- Work item -
Set down again exactly the lines of the listing below that fall between the line holding "Single one line" and the line holding "Oversized Accent Chair", inclusive.

[Opening Dataset records section]

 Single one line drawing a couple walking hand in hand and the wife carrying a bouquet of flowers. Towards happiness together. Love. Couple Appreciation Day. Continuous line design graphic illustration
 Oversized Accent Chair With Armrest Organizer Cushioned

[Closing Dataset records section]
[Opening Dataset records section]

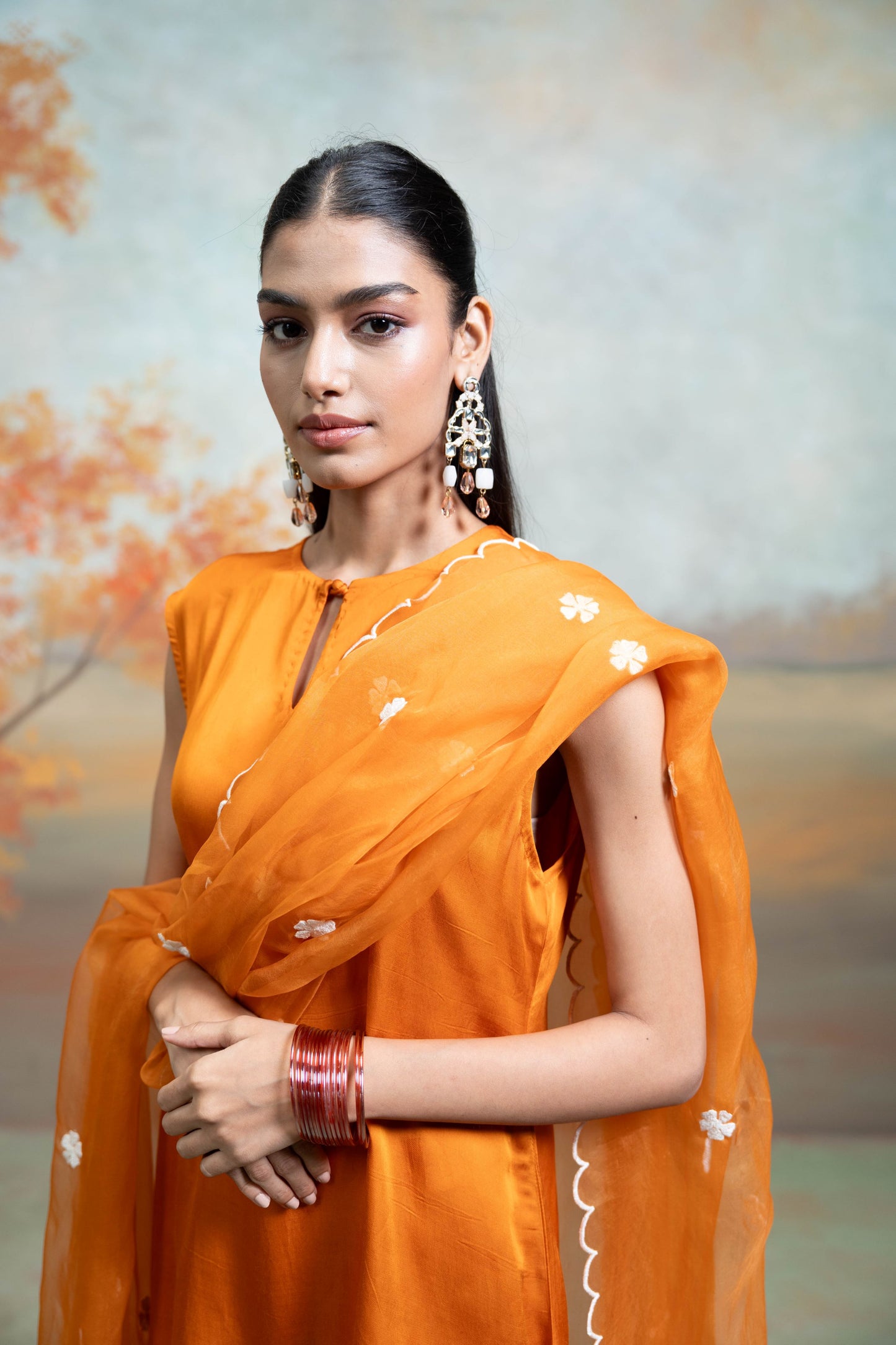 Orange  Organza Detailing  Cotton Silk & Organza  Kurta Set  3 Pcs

[Closing Dataset records section]

- Your solution -
 Single one line drawing a couple walking hand in hand and the wife carrying a bouquet of flowers. Towards happiness together. Love. Couple Appreciation Day. Continuous line design graphic illustration
 Oversized Accent Chair With Armrest Organizer Cushioned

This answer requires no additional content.